Earth Potential (Cuttlefish Love, Earth), 2017. Photo: Jason Wyche, courtesy the artist, Kraupa-Tuskany Zeidler, Berlin; and Greene Naftali, New York

It’s a pleasure to watch New Yorkers in business suits, sitting on benches and eating sandwiches while a giant lizard hand lurks behind them. Novitskova, too, considers herself “a full-blown lurker.” She sources her digital images from online communities, though she never participates in their conversations or posts on their message boards.

For Novitskova, the sculptures are complete only when her audience interacts with them. “It was an experiment to see how it affects people,” she says, describing her artmaking as a kind of game to grab attention with a photo-triggering image. “It’s like this human response to trying to document it and post it somewhere immediately.” She believes that people conflate attention-grabbing images with “good art” and is more interested in her audience’s automatic response to unexpected biological forms, especially underappreciated animals like lab worms. Novitskova explains that there are thousands of images of worms online, as part of important scientific research processes. The resulting overabundance and new visual data culture particularly intrigue the artist.
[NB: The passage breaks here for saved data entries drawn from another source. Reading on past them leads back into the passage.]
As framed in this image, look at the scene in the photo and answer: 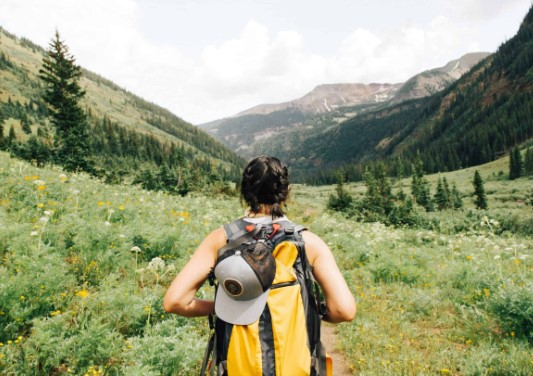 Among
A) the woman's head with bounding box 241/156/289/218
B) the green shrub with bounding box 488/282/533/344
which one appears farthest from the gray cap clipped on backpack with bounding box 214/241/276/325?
the green shrub with bounding box 488/282/533/344

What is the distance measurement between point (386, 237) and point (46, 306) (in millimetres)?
11703

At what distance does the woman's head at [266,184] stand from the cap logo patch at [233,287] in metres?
0.64

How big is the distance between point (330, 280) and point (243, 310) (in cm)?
71

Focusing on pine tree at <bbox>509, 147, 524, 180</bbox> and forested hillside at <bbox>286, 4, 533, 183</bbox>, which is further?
forested hillside at <bbox>286, 4, 533, 183</bbox>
Earth Potential (Earthworm, Earth), 2017. Photo: Jason Wyche, courtesy the artist, Kraupa-Tuskany Zeidler, Berlin; and Greene Naftali, New York

Novitskova’s digital work, which requires just a laptop, can become lonely. Now, she’s now considering ways to make her practice more collaborative—perhaps by curating an exhibition with other artists, participating in panel discussions, or working with more writers. Yet, the loneliness seems to work for Novitskova conceptually as well. The eerie solitude of her organic shapes contributes to their appeal. In a busy park amid the people and objects we often take for granted, they offer striking reminders of our smallness in a vast, mysterious universe.

And despite the world’s uncertainties, Novitskova’s room key eventually appeared under a nearby table. One existential matter, at least, solved for the day.

“Earth Potential” runs through November 9 at City Hall Park.